▶ _Data segment_
........

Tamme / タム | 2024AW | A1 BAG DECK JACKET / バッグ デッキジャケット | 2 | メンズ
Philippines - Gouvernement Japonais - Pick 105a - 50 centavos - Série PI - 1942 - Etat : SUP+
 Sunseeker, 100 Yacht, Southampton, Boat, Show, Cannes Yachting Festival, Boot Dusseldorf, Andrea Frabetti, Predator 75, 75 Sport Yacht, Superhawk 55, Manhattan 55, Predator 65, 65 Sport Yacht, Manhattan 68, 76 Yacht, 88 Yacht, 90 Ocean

........

▶ _Aim of the exercise_
Your job is to write out the data exactly as it stands.

▶ _The answer_
Tamme / タム | 2024AW | A1 BAG DECK JACKET / バッグ デッキジャケット | 2 | メンズ
Philippines - Gouvernement Japonais - Pick 105a - 50 centavos - Série PI - 1942 - Etat : SUP+
 Sunseeker, 100 Yacht, Southampton, Boat, Show, Cannes Yachting Festival, Boot Dusseldorf, Andrea Frabetti, Predator 75, 75 Sport Yacht, Superhawk 55, Manhattan 55, Predator 65, 65 Sport Yacht, Manhattan 68, 76 Yacht, 88 Yacht, 90 Ocean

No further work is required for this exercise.